Mid-Range and High-End
Stepping up to the mid-range and high-end, you’ll typically find dual-socket Intel Xeon processors along with full tower enclosures to handle more slots and drive bays. Spring for a dual-socket system and you’ll get twice as many CPU cores, twice as much memory bandwidth, and twice the memory capacity.
Some OEMs are going to great lengths to show off the enhanced speed of processors and increased capacity of both graphics cards (for multi-monitor or high-performance computing support) and larger storage capabilities. For example, BOXX’s top-end 4800 and 8500 series workstations feature overclocked CPU performance that provides a 25% higher frequency rate — that is, an Intel 2600k (Sandy Bridge) processor running at 4.5 GHz instead of 3.4 GHz.

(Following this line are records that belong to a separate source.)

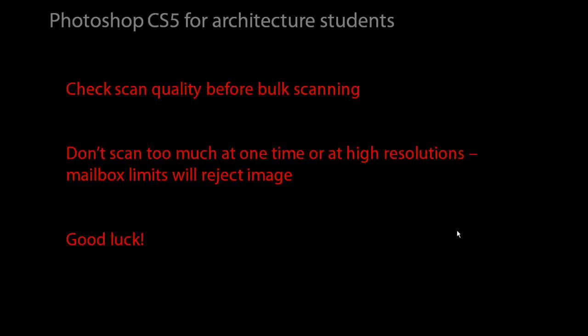A few words of caution: check the scan quality before doing a lot of bulk scanning. It's best to do a scan, check it on Photoshop, print it out and see if that's really working for you. Don't scan too much at one time because our inbox limit will reject the scan. Also, if you're sending scans at high resolutions, it's recommended to email them one at a time to avoid this.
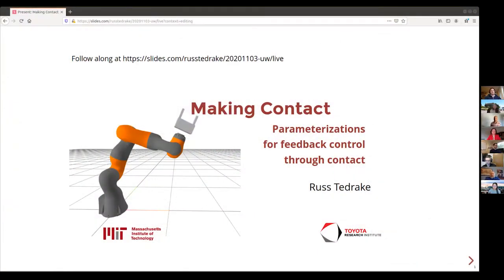Welcome everybody. I'm Sam Burden, assistant professor here in ECE at UW. It's my pleasure to introduce our speaker today, Russ Tedrake.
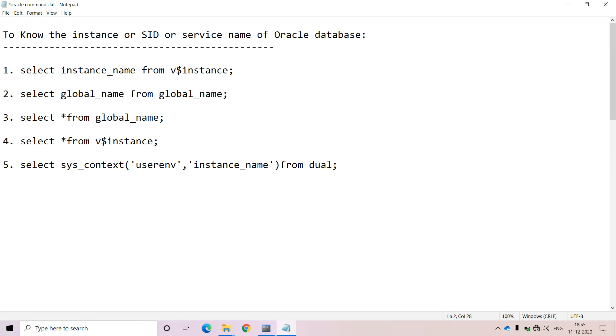Hi viewers, welcome to my channel. Today in this video, I will show you how to identify the instance or SID or service name of the Oracle Database.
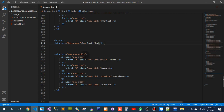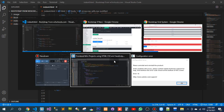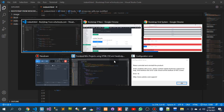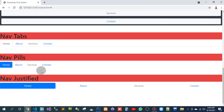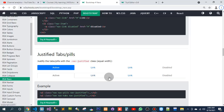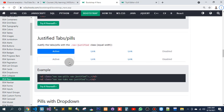So here I have to add the class nav-justified. Now let's see what it does. This is nav-tabs, but this is nav-justified. Let me see what is the difference between nav-justified and nav-tabs — both appear to be the same.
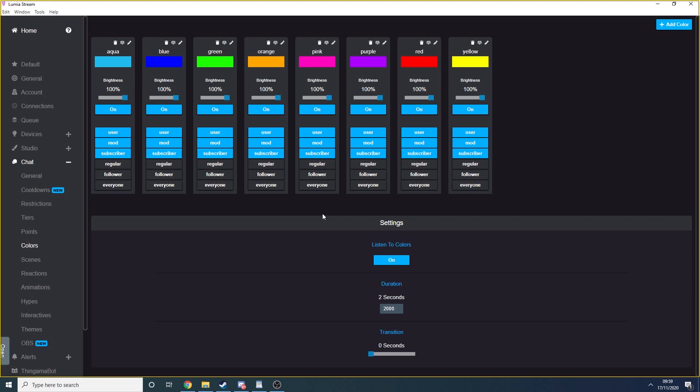The way I have my lights configured is so that only subscribers can use chat commands. So we remove the everyone, follower and regular options from the command, meaning only subscribers and moderators can trigger using chat commands. Well, what about everybody else? For followers and non-subscribers, I've set up channel point redemptions.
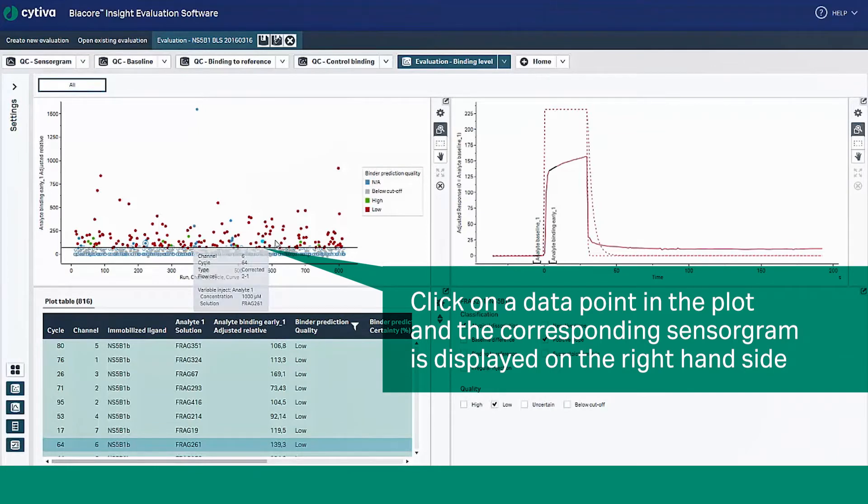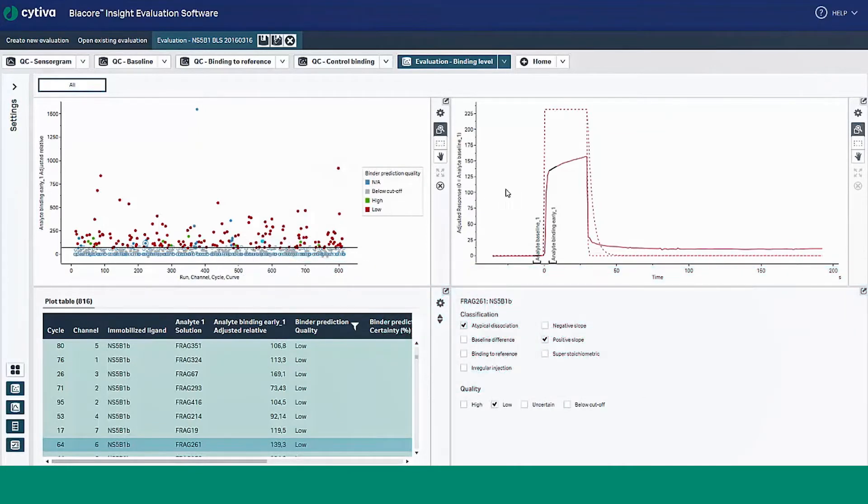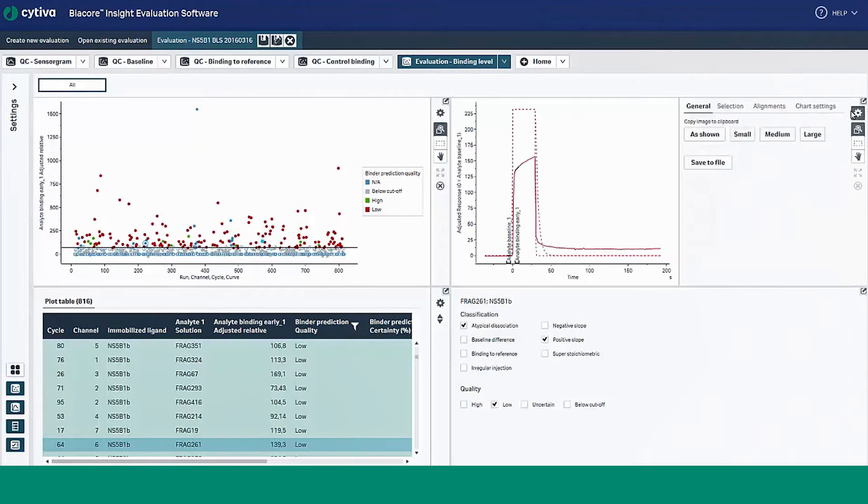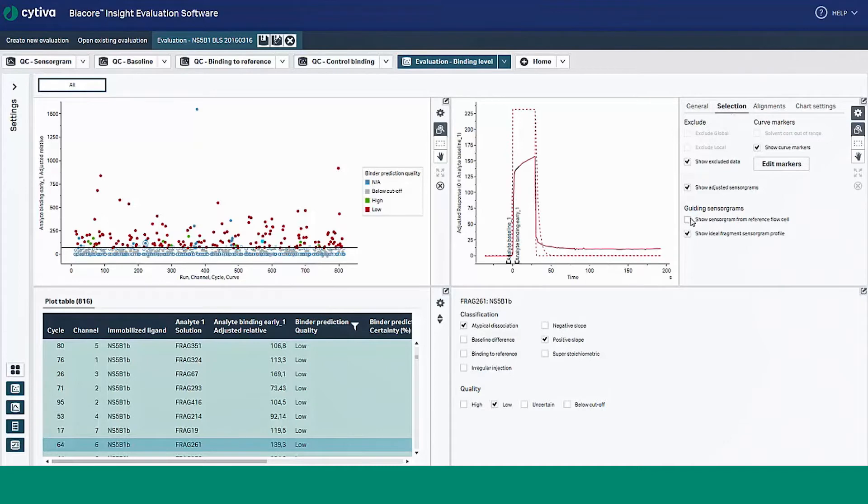You may notice some extra dash sensorgrams here. That's because we've included additional visualization tools to help enhance your understanding of the data. This is especially helpful for new users and provides extra information on ideal fragment sensorgram profiles and sensorgrams from the reference flow cell.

These workstations also provide support for as many as eight drive bays and an incredible seven PCI Express slots, allowing users to populate 18 TB of total storage and house seven single-width or four dualslot graphics cards.
But there’s more to be had at the upper end of the market, as vendors are taking a page from Apple’s book and investing an impressive amount of time and money to engineer hardware aesthetics and ergonomics, resulting in advances such as tool-less and (almost) cable-less designs; carefully designed air flow; and custom, workstation-specific, high-efficiency power supplies.
Start with Your Base Requirements
So do you really need a mid-range to high-end workstation? Will an entry-level CAD workstation do? The place to start is the base requirements for your CAD software of choice, then plan a system purchase accordingly. Note that this information makes a good starting point for configuring your workstation. We consider that the baseline, and you probably want some room to grow for software upgrades.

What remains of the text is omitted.